**WHAT IS EXPECTED**
Would you please restate the data exactly as it stands, apart from the pictures?
*** EXERCISE DATA Section Begins ***
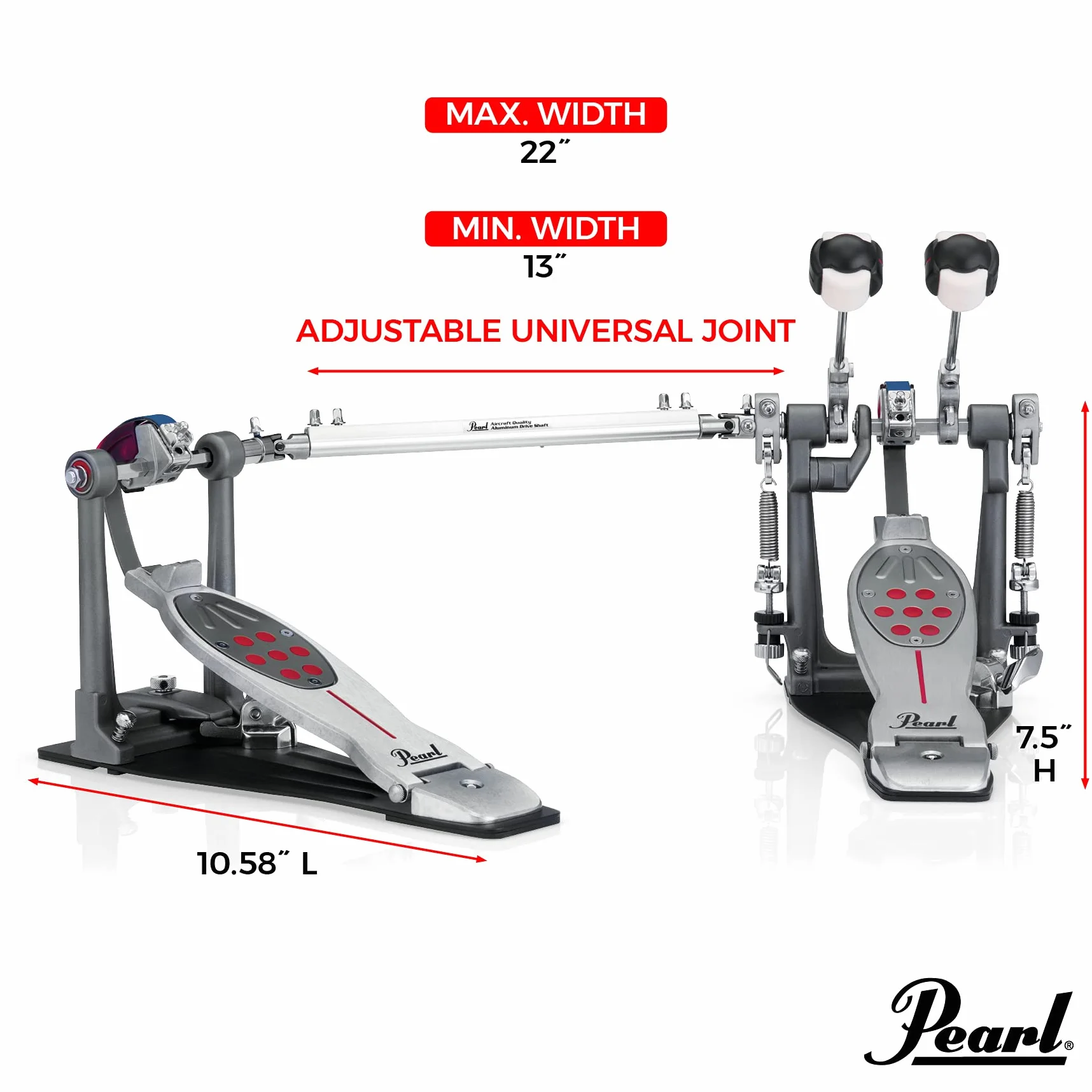 Pearl p2050 C Eliminator: Redline Single Bass Drum Pedal, Kette Drive Doppelkettenantrieb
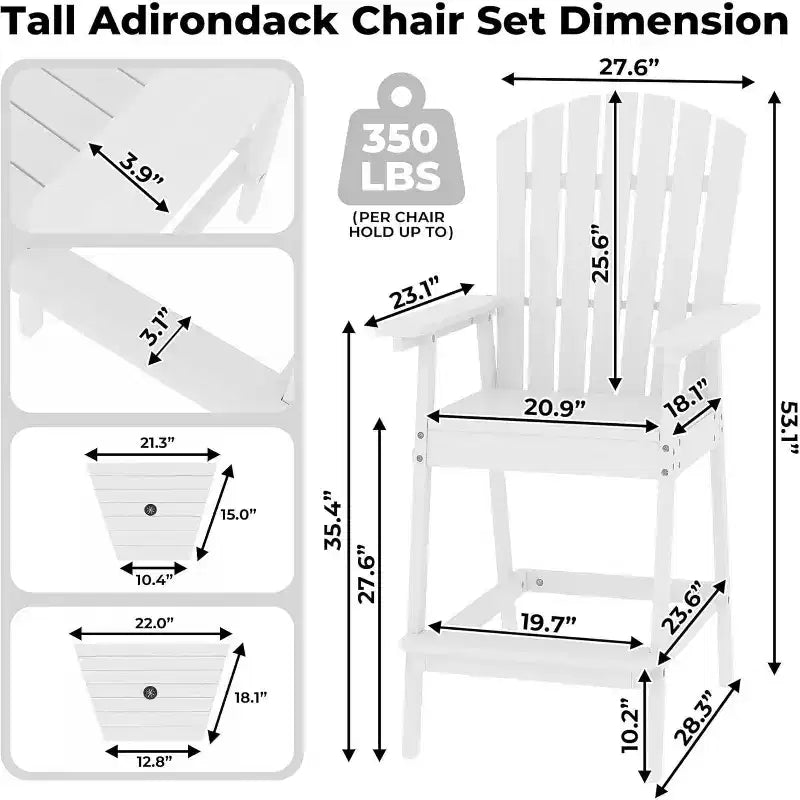 Acekool Bar Height Adirondack Chairs Set of 2 with Connecting Tray, Natural Wood Elevated Patio Chairs for Deck & Backyard
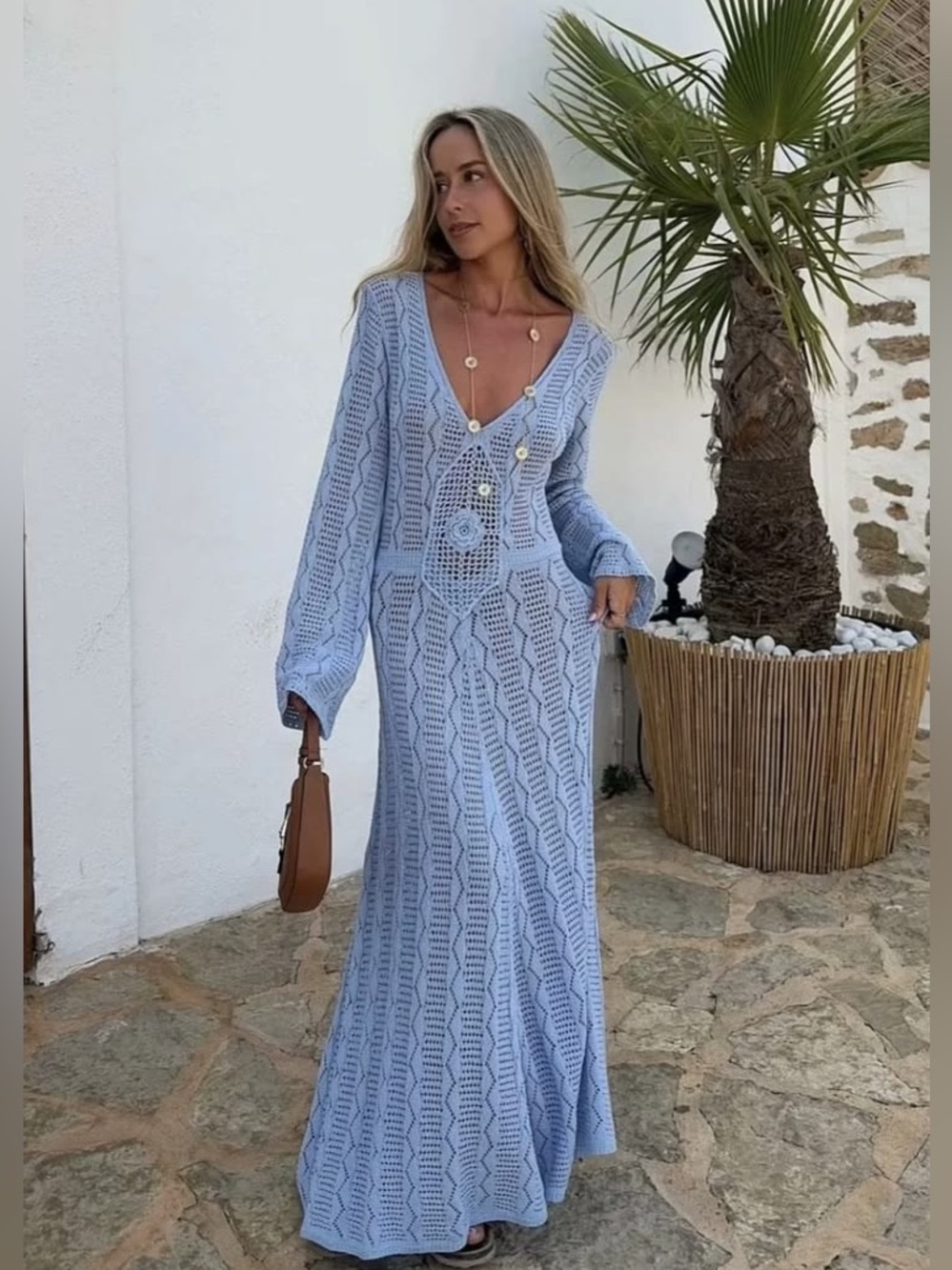 Zara Light Blue Crochet Knit Maxi Dress - Long Sleeve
*** EXERCISE DATA Section Ends ***
**EXERCISE SOLUTION**
 Pearl p2050 C Eliminator: Redline Single Bass Drum Pedal, Kette Drive Doppelkettenantrieb
 Acekool Bar Height Adirondack Chairs Set of 2 with Connecting Tray, Natural Wood Elevated Patio Chairs for Deck & Backyard
 Zara Light Blue Crochet Knit Maxi Dress - Long Sleeve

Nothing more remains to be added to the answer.